Let the boorma cool completely, then drizzle with just a little syrup to taste. My family likes just a tiny touch of syrup, but other people like a lot. I suggest starting out with just a little bit, tasting and then adding more if it’s not sweet enough.


August 14, 2009

Tava is a mostly vegetable dish with a little lamb for flavor. Normally, I say you can substitute beef or turkey, but in this recipe you really can’t. It just comes out bland if you do, so use ground lamb!

1 lb. ground lamb

2 Japanese (small) eggplant

1 lb. frozen or fresh green beans

1 lb. frozen or fresh okra (can be left out)

2 lbs. squash (I use zucchini or Mexican)

1 green bell pepper

1 medium white onion

about 20 baby carrots

4 large fresh very ripe tomatoes or 1 large can diced tomatoes

lemon juice to taste, plus extra for soaking okra in

salt and pepper to taste

This recipe is all about preparation. Once you have everything cut up and prepared, it’s pretty easy.

Cut the eggplant into large (about 3″) half moons and place in a separate bowl. Heavily salt it and let it sit while you prepare the other vegetables.

Cut the okra into bite sized pieces, place in a bowl and add enough lemon juice to coat it all. This will keep it from getting slimy when you cook it.

Cut the squash into large (about 3″) half moons, slice the onion, medium dice the bell pepper, chop the tomatoes into large (about 3″) chunks.

Brown the lamb in a large pot. Next, add the onions, bell pepper and carrots and saute until onions are starting to become translucent. Add the green beans. Drain and rinse the salt off the eggplant and add it. Add the okra WITH the lemon juice (do not drain). Finally, add the squash and tomatoes. This is where you want to add your salt/pepper/lemon juice to taste.

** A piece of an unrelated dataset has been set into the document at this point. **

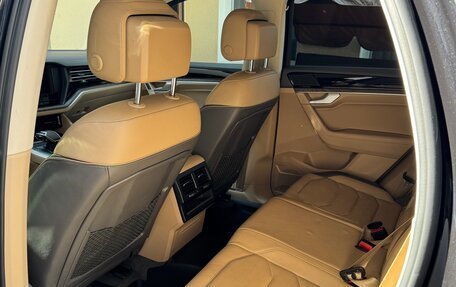 Volkswagen Touareg III, 2018 год, 5 200 000 рублей, 14 фотография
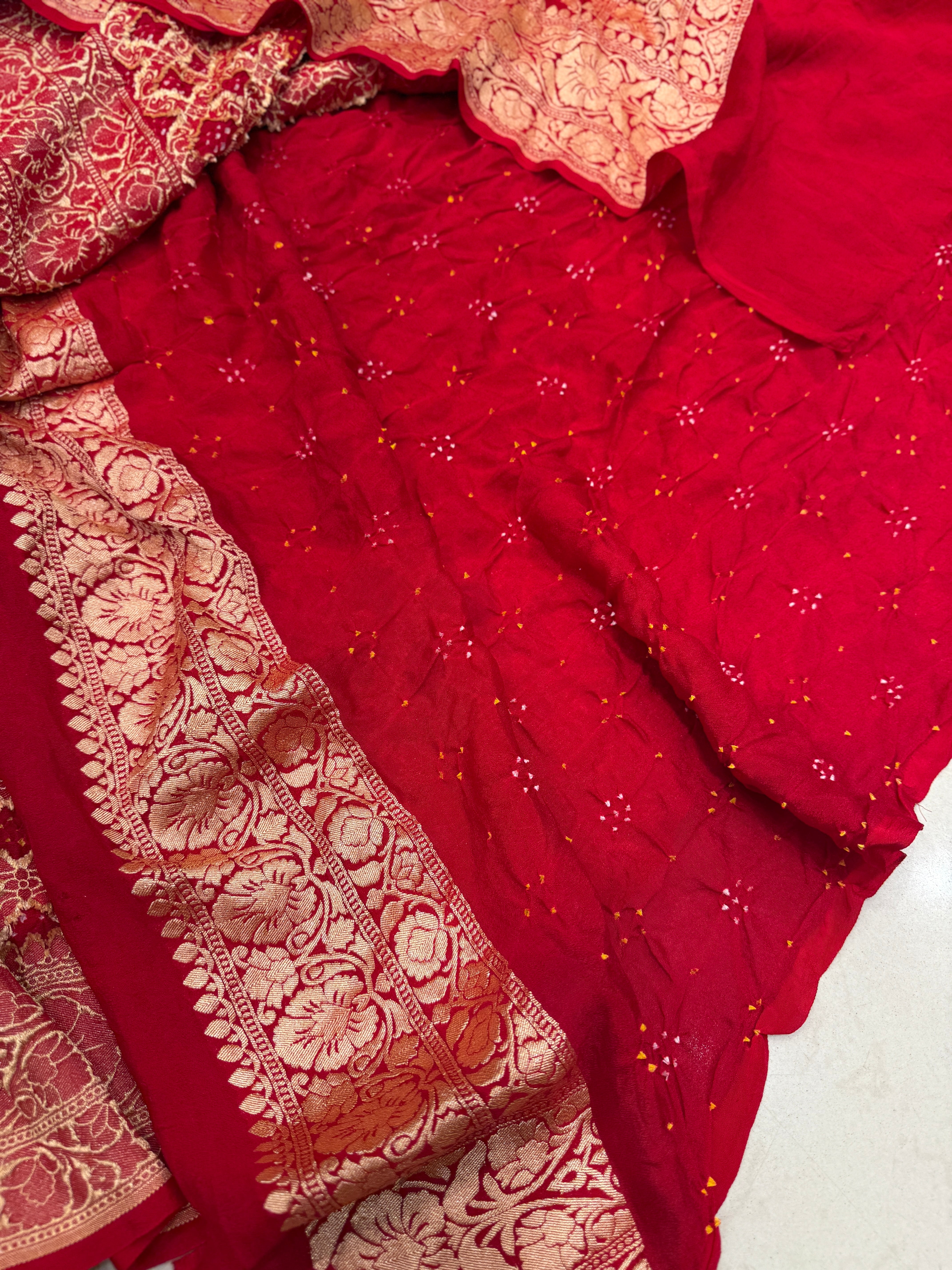 Red Criss Cross Georgette Handloom Bandhej Bandhini Saree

Stir and stir and break up the tomatoes as much as possible. Enough liquid should come out of the tomatoes and other veggies to almost completely cover them. Once that liquid is simmering, cover and let simmer 30 minutes.

We serve it with rice pilaf. It would also be good with bread for soaking up the juice.


July 15, 2009

Dolma is just like Sarma, only you stuff veggies instead of grape leaves. This time, my Grandma and I used tomatoes, eggplant, zucchini and bell peppers but you can really use any vegetable you like that is suitable for stuffing. As always, you can substitute ground beef or turkey if you don’t like lamb.

4 lbs. ground lamb

2 large white onions

1/4 cup finely chopped parsley

1 cup rice (mahatma is good)

8 oz. tomato sauce

12 oz. tomato paste

1 tsp. pepper

1 1/2 Tbsp. garlic salt

Lemon juice

Veggies for stuffing


Mix everything but the lemon juice and the veggies together just like you would meatloaf. Hollow out the veggies, then put a sprinkle of salt, pepper and a drop of lemon juice in the bottom of each one. Stuff with meat mixture and put in a large heavy pot.

Squeeze the stuff you scooped out of the veggies into the empty spaces between the vegetables. Pour about 1/4 cup lemon juice over everything evenly. Then put 1/2-1 cup of water (depending on the size of your pot) in the bottom of the pot. Put a plate on top of everything to weigh it down. Cover and place on the stove, bring to a boil then turn down to low and let simmer for 1 hour.

Serve hot with some of the juice from the bottom of the pot over the top. We like to eat dolma with madzoon (plain yogurt). Give it a try!
Aubergine Dolmas on Foodista

Armenian Halva

July 10, 2009

Don’t confuse Armenian Halva (made with cream of wheat) with Jewish Halva which is more like a candy. We eat halva for dessert or sometimes breakfast.

The ingredients you use for halva are very important. You must use clarified butter or the cream of wheat won’t puff up. Here is how you clarify butter. It is very important that ALL the water is gone from the butter. You also are going to use something we call bakmaz. It is concentrated grape syrup. You can get it at Armenian stores or sometimes at Jons. Here’s what the jar looks like:







Also, you need to use the original 10 minute kind of cream of wheat:






1 large box of Original 10 minute Cream of Wheat

1 lb. melted, clarified butter

4 cups water

3 cups sugar

1/2 cup bakmaz

Bring water and sugar to a boil, stirring constantly. Add bakmaz and boil for 10 minutes, stirring constantly. Keep at a simmer.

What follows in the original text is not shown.